However, as a parent, having access to my child's progress in school without continually bugging all 7 teachers is an excellent idea. It gives me an opportunity to see if he needs help without waiting 9 weeks. (Mind you, he has NO problem with asking for help when he needs it.)
You indicate that your parents are putting you through hell daily to make sure you've done your homework -- is this an indication that you've had problems getting it done in the past? Maybe if the HW is finished before the fun is started, they might lighten up a bit in the future.
-- Rick
The system does need better security (like issuing parents a login and password). However, there's pretty much nothing wrong with the idea. Do your homework, punk.
Well, the authentication mechanism does seem unsecure - that is something the school needs to work on, or they're just setting themselves up for a lawsuit if it's used in an inappropriate way.
But... You complain that your parents find out what happens to you at school? That your legal guardians can find out if you try to deceive them and not do schoolwork? Hear - methinks it's the worlds smallest violin playing the worlds saddest song...

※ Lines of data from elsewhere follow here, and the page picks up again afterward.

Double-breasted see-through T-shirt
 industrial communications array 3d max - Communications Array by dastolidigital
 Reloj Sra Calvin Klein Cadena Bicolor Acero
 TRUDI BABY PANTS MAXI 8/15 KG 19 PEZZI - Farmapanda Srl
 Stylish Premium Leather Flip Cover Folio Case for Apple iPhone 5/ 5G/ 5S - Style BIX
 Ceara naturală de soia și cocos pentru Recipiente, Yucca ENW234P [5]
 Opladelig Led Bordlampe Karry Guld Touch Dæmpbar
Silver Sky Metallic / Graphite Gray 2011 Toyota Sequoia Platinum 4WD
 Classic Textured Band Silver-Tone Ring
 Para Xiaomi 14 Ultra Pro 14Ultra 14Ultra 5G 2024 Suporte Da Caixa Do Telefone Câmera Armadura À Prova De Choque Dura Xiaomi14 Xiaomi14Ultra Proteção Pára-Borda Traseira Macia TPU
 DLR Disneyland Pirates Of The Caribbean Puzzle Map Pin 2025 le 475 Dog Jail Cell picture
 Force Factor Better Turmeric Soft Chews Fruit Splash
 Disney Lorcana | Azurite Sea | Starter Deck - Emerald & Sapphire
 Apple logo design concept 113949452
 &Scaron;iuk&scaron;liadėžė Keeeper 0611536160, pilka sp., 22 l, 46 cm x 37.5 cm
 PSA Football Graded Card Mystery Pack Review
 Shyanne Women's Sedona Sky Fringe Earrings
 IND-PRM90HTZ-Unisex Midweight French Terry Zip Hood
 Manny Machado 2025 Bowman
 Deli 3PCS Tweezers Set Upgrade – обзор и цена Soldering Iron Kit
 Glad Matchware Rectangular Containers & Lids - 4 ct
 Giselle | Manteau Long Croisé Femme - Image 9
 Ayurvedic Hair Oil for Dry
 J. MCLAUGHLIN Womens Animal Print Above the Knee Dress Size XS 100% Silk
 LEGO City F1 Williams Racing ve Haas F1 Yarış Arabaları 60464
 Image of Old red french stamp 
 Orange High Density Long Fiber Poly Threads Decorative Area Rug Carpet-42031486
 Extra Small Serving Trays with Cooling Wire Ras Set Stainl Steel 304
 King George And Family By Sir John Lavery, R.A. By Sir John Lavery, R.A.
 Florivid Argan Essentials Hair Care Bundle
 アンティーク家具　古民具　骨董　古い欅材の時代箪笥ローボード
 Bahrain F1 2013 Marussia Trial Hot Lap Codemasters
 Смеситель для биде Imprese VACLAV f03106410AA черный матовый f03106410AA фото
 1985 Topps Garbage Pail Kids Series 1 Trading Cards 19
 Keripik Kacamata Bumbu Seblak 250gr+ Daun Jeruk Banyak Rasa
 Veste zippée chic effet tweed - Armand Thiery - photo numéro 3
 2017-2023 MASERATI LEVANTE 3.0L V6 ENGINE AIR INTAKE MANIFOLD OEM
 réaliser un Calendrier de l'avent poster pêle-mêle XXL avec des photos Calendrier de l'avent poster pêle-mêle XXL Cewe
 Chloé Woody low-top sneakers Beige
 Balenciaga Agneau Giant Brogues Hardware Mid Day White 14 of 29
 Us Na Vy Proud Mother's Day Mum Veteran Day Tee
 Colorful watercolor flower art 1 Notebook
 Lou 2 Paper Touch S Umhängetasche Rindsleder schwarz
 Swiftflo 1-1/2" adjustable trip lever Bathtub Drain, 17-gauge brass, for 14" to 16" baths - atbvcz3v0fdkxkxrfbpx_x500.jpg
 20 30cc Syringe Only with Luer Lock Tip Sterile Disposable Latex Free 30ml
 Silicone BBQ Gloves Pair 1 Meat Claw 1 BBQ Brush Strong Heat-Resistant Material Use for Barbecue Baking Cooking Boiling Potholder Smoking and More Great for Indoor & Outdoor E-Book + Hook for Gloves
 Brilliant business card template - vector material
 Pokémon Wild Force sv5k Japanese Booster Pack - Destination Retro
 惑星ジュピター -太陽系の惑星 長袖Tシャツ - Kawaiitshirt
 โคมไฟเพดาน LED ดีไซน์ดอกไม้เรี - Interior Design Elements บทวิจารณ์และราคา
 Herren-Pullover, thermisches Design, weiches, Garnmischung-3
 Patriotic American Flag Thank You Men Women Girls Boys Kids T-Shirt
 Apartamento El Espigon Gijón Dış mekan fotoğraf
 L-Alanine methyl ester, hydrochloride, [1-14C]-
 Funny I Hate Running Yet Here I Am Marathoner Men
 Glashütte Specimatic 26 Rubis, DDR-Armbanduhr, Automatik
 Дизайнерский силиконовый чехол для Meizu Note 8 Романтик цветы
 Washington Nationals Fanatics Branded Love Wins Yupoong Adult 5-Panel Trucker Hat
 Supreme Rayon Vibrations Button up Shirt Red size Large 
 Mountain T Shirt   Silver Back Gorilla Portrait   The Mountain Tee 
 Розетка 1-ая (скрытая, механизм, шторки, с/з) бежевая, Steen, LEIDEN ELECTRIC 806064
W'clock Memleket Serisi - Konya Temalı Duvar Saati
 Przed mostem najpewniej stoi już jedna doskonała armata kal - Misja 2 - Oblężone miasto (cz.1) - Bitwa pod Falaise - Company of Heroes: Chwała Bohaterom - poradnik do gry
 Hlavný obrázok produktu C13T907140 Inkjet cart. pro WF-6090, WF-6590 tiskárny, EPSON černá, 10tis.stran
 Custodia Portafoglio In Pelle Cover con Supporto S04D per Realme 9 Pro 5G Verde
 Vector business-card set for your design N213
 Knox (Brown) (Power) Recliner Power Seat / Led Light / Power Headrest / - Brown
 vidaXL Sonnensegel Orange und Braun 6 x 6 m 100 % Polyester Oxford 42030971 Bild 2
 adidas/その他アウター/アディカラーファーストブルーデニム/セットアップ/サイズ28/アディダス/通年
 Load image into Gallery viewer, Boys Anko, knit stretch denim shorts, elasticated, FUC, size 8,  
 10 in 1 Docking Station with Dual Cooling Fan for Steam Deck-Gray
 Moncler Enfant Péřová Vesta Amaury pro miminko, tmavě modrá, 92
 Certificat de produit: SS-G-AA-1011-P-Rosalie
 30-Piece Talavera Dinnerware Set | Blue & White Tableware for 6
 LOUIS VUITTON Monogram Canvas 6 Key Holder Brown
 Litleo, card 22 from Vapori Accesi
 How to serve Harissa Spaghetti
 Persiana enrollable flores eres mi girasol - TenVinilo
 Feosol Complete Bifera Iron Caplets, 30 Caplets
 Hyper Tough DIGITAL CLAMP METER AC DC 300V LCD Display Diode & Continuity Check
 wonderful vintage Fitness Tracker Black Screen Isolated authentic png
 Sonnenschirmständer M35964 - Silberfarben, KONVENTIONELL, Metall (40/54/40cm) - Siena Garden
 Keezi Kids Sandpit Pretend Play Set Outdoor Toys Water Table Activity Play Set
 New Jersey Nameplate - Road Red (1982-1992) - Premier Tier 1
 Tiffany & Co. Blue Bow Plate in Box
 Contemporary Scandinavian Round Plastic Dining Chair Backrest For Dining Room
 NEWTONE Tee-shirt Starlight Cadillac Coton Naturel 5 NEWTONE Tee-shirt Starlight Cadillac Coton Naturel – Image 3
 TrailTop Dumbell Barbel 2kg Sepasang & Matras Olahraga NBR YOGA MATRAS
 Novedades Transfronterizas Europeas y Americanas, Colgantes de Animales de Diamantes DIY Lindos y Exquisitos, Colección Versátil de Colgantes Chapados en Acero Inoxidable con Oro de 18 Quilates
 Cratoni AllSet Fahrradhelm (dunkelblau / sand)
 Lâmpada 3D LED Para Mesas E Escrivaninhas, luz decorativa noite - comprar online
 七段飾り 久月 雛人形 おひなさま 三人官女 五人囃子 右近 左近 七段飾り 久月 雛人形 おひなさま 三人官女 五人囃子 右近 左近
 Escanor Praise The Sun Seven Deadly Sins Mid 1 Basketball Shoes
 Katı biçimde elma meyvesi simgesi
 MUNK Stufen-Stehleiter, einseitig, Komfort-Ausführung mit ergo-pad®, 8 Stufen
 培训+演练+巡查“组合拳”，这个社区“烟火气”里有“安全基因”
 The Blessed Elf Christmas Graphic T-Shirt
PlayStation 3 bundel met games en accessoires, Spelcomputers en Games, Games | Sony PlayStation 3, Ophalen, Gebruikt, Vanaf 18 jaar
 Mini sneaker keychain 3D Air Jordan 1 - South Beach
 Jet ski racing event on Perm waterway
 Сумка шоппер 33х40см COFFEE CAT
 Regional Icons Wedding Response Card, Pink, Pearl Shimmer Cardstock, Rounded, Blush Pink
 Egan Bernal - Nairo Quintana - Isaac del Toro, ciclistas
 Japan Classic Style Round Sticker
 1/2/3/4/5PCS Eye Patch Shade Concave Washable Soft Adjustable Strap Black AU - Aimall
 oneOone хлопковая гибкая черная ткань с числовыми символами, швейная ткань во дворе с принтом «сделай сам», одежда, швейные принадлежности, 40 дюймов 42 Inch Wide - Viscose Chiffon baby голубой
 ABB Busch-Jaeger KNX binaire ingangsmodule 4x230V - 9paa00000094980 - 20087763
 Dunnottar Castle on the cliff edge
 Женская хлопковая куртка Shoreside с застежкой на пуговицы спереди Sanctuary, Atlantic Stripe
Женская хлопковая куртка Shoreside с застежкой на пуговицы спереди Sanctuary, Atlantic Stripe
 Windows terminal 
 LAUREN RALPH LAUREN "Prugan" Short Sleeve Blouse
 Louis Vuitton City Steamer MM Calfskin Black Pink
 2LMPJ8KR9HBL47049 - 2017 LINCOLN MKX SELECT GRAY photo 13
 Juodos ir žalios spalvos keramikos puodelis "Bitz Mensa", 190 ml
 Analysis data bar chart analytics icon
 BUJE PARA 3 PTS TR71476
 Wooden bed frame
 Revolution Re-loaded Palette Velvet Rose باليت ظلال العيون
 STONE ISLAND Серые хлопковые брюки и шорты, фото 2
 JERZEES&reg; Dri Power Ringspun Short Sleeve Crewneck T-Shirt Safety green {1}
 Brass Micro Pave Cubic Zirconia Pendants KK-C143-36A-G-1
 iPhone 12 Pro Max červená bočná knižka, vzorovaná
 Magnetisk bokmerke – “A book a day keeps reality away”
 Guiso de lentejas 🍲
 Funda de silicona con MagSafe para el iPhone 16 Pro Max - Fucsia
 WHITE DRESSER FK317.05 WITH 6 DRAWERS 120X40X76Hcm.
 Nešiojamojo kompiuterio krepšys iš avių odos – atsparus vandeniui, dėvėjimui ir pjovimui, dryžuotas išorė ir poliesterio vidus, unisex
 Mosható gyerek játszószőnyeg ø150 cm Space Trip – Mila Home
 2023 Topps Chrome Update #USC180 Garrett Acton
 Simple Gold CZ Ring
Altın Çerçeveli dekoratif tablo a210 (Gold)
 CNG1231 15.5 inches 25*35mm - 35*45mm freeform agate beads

How about actually attending school and doing the homework?
Trust the Computer. The Computer is your friend.
Wether you believe it or not your parents are doing only because they care. You might not think it now but you will look back at some point and realise they are doing what they think is best for you.
As for the privacy issues ok prehaps its not so great but at least they are trying even though a custom username/password combination might be better
Rus
Cheap UK and US VPS
To the poster: your parents sound like they're doing their job. Be glad they're interested in your achievement. If all parents felt the same way, our society would be in a wholly different situation.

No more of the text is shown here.